That part you wrote is nice and is as a pattern to me. I will reread it carefully once again to see how I will can write like that.

Thank you so much for your attention and guidance :)
 
I wrote the story myself but delivered it later to AI (part to part) to see if I had a mistake. AI considered quotation and the capital letters at the beginning of the dialogues, but I supposed it did a mistake! So, I corrected them by erasing the quotations and changing the letters!

That part you wrote is nice and is like a pattern to me. I will reread it carefully once again to see how I will can write like that.

Thank you so much for your attention and guidance :)
 
I like the setup and it's got intriguing questions -- why do they live so far out of town? Why does only Lucas go into town, and only once a month? And is the climate speaking to him or speaking to him?

I don't mind the lack of quotations, though i agree it is harder to follow and takes a moment to shift into the style. Cormac McCarthy rather famously eschewed the use of quotations in his writing and it is distinctive. That said, Cormac McCarthy is a flipping literary master and coopting his style might come off as a bit presumptive.

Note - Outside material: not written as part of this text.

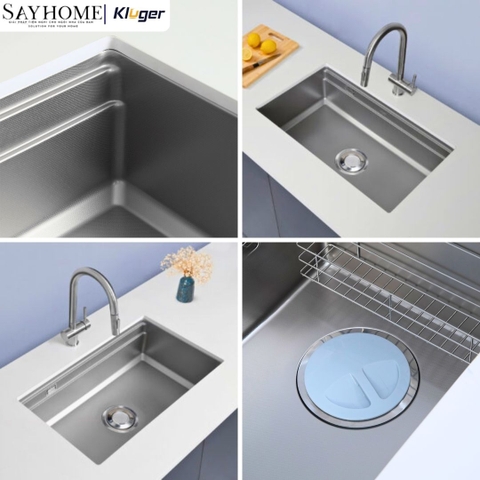 Chậu rửa chén bát 1 hố Nhật Kluger KG7044FS Basic tại thành phố Hồ Chí Minh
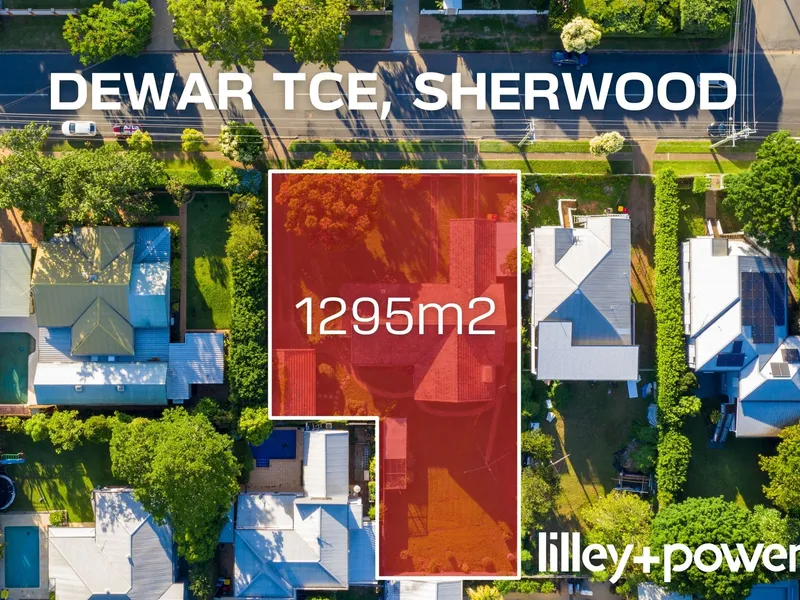 SPECTACULARLY LARGE 1295M2 ALLOTMENT IN SHERWOOD’S EXCLUSIVE ‘HIGHSIDE’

There's a LOT of tell in this, and very little show and I'm unsure if the POV is limited close third or omniscient third because it shifts a bit in places. This confusion is exacerbated by the lack of quotes and the over-formality of the language. Shifting one or two of those may help significantly.

Ex:
Amelia was busy working and did not pay attention to her surroundings. It was her occasional hobby when she finished her housework. She had acquired a good skill in sculpting after a few years of practice and experience. She could sculpt several dolls and animal statues in a week. They were often in shape of deer, dogs, wolves, and bears. When Lucas went to Nanton town once every month, he sold Amelia's handicrafts to Mr. Jackson, who had a rag shop in the city center. His customers were often travelers who journeyed through the town or stayed there for a few days.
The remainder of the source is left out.